Spatial input in Untold Engine follows a simple pipeline:
- visionOS emits raw spatial events.
- UntoldEngineXR converts each event into an XRSpatialInputSnapshot.
- Snapshots are queued in InputSystem.
- XRSpatialGestureRecognizer processes snapshots each frame.
- The engine publishes a single XRSpatialInputState your game reads in handleInput().
That separation keeps the system flexible: the OS-facing code stays in UntoldEngineXR, while gesture classification stays in the recognizer.
From XRSpatialInputState, you can read:
- spatialTapActive
- spatialDragActive
- spatialPinchActive
- spatialPinchDragDelta
- spatialZoomActive + spatialZoomDelta
- spatialRotateActive + spatialRotateDeltaRadians
- pickedEntityId
So your game logic can stay focused on behavior (select, move, rotate, scale), not event parsing.
You must enable XR event ingestion:
InputSystem.shared.registerXREvents()
If you skip this, the callback still receives OS events, but the engine ignores them.
In your handleInput():
- Poll InputSystem.shared.xrSpatialInputState.
- React to edge-triggered gestures like tap.
- Apply continuous updates for drag/zoom/rotate while active.
For object manipulation, use SpatialManipulationSystem for robust pinch-driven transforms, then layer custom behavior on top when needed.

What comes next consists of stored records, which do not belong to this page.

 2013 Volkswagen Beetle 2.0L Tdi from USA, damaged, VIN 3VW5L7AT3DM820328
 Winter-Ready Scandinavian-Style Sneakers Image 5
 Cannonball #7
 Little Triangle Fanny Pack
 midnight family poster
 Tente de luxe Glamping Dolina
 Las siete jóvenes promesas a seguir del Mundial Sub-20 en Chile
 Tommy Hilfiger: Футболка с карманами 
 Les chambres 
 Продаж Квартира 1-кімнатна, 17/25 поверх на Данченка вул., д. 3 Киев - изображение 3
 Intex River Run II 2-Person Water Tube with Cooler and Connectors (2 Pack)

This example shows how to drag and rotate a mesh using the engine:
func handleInput() {
if gameMode == false { return }
let state = InputSystem.shared.xrSpatialInputState
if state.spatialTapActive, let entityId = state.pickedEntityId {
Logger.log(message: "Tapped entity: \(entityId)")
}
// Handles drag-based translate + twist rotation on picked entity
SpatialManipulationSystem.shared.processPinchTransformLifecycle(from: state)
}- Tap → selects entity (via raycast picking)

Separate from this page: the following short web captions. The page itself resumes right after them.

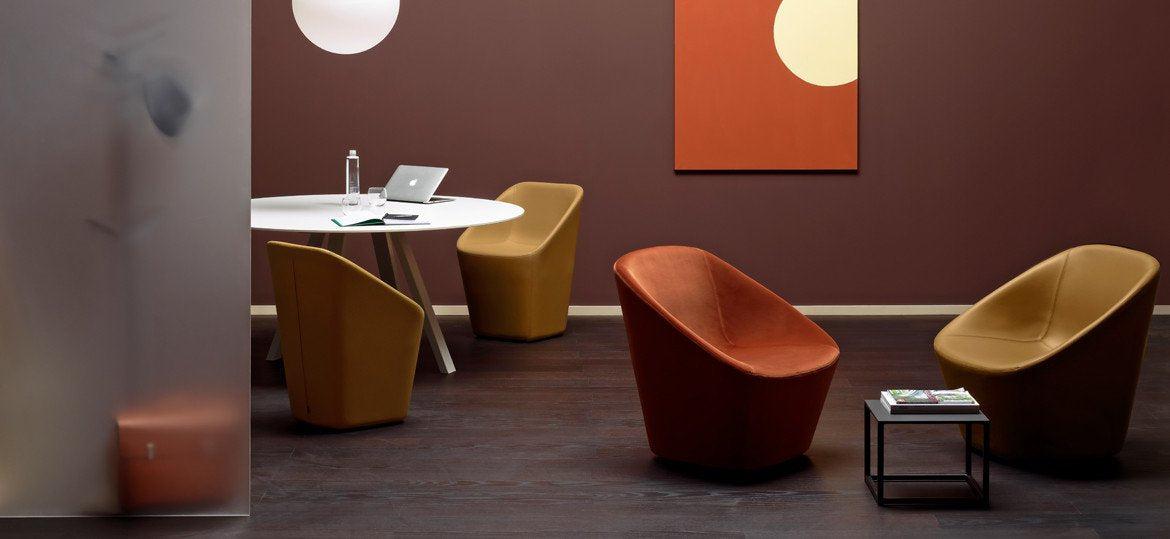 Log 365 Armchair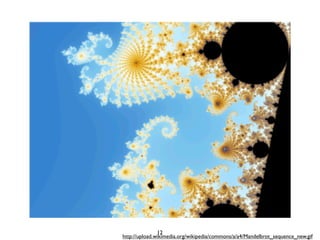 http://upload.wikimedia.org/wikipedia/commons/a/a4/Mandelbrot_sequence_new.gif
12
 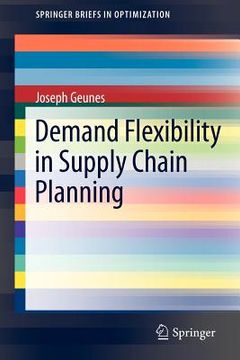 portada demand flexibility in supply chain planning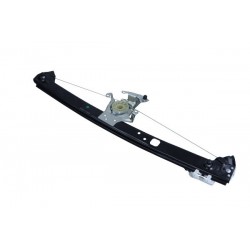 SZÉLVÉDŐ EMELŐ BMW HÁTSÓ E53 X5 BALRA (ELEKTROMOS MOTOR NÉLKÜL) 51357125059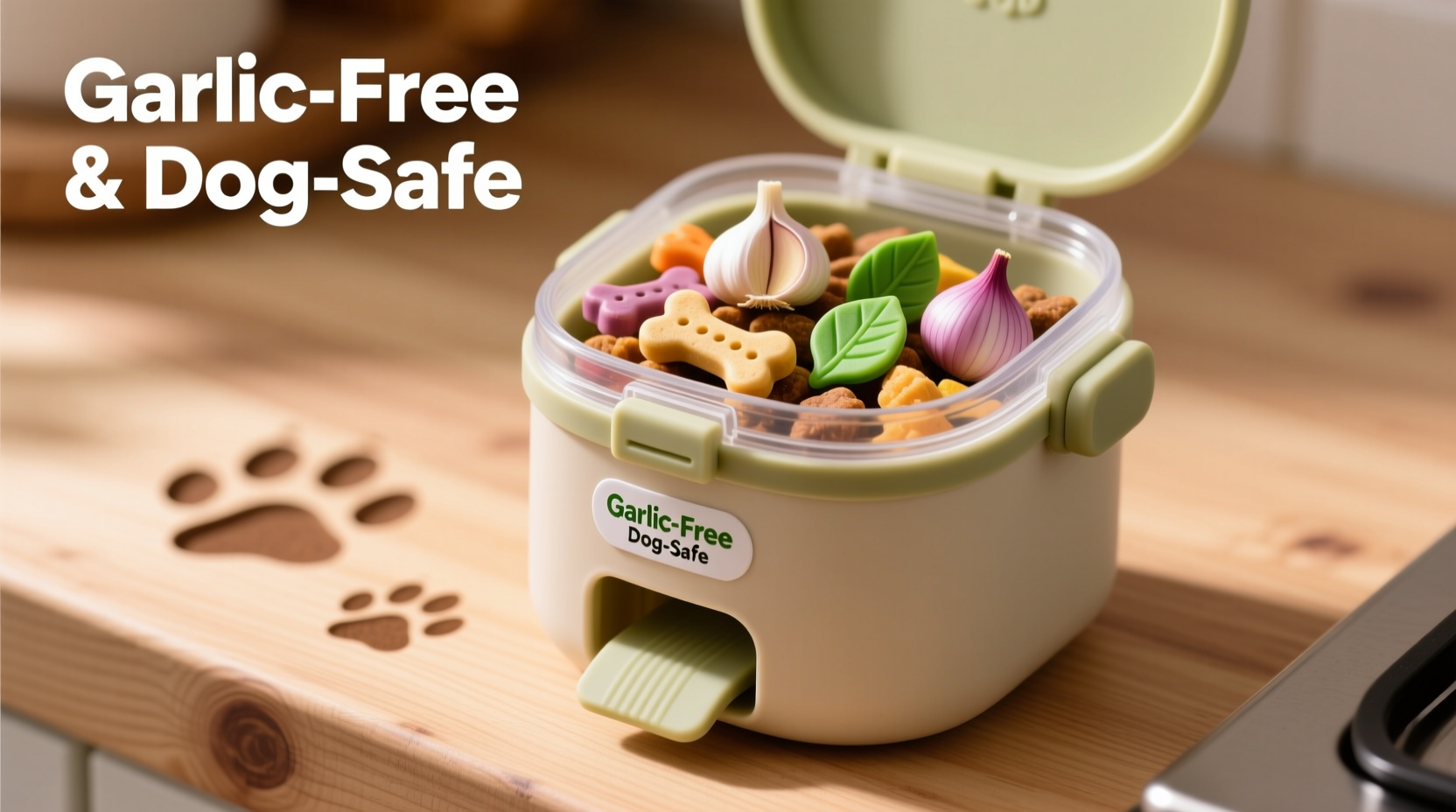 Garlic Safety for Dogs: Vet-Confirmed Toxicity Facts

- Pinch + Drag → translates entity in world space
- Pinch + Twist → rotates entity around a computed axis
processPinchTransformLifecycle handles:
- Begin
- Update
- End
- Cancel
This lifecycle model prevents stuck manipulation sessions.

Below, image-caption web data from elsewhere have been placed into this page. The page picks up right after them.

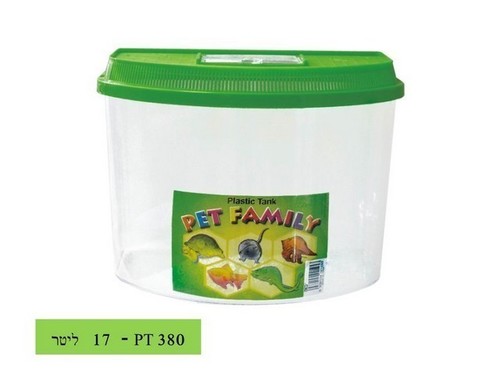 טרריום פלסטיק 38 מ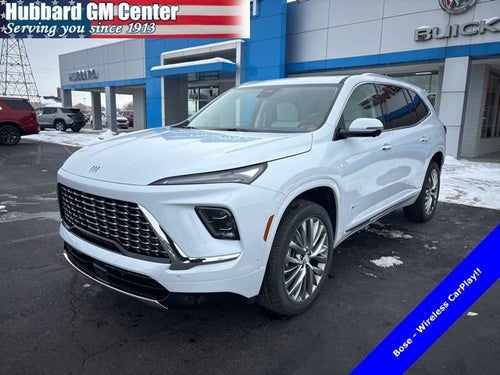 2026 Buick Enclave Avenir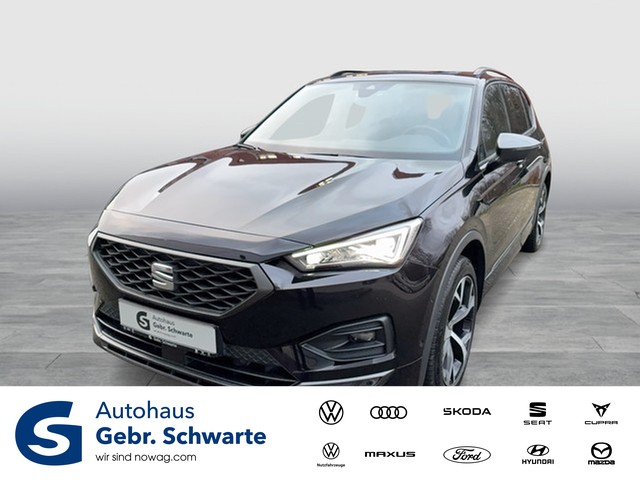 Seat - Tarraco 2.0 TDI DSG FR PANO+7SITZE+ACC+AHK+NAVI_1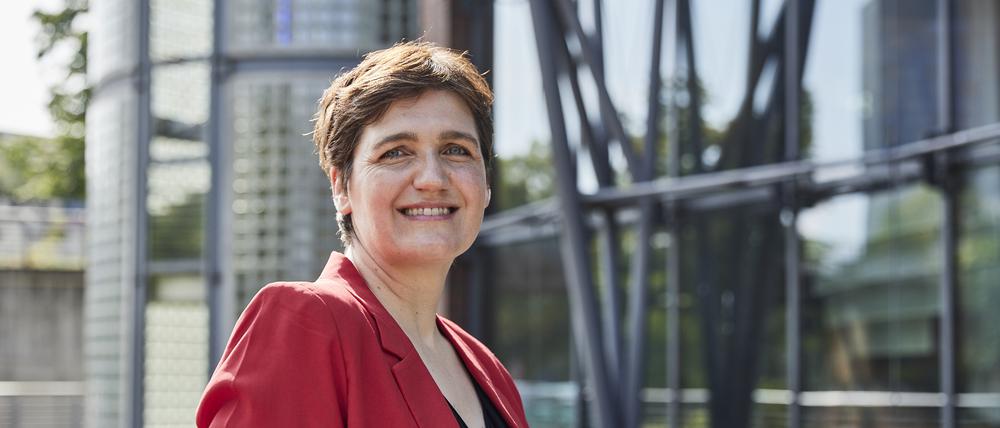 Nach dem Studium an der FU Berlin gründete Katja Urbatsch die gemeinnützige Organisation ArbeiterKind.de, die sie bis heute leitet.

If ray picking hits a child mesh and you want to manipulate the parent actor:
var state = InputSystem.shared.xrSpatialInputState
if let picked = state.pickedEntityId,
let parent = getEntityParent(entityId: picked) {
state.pickedEntityId = parent
}
SpatialManipulationSystem.shared.processPinchTransformLifecycle(from: state)This is useful when:
- A character has multiple meshes
- A building has sub-meshes
- You want to move the root actor instead of individual geometry pieces
Do not early-return only because pickedEntityId == nil before calling
lifecycle processing.
End/cancel phases must still propagate to properly close manipulation
sessions.
Failing to do so can leave the engine in an inconsistent transform
state.
Use these APIs to control whether an entity can be selected by spatial tap/ray picking and what hit representation it uses.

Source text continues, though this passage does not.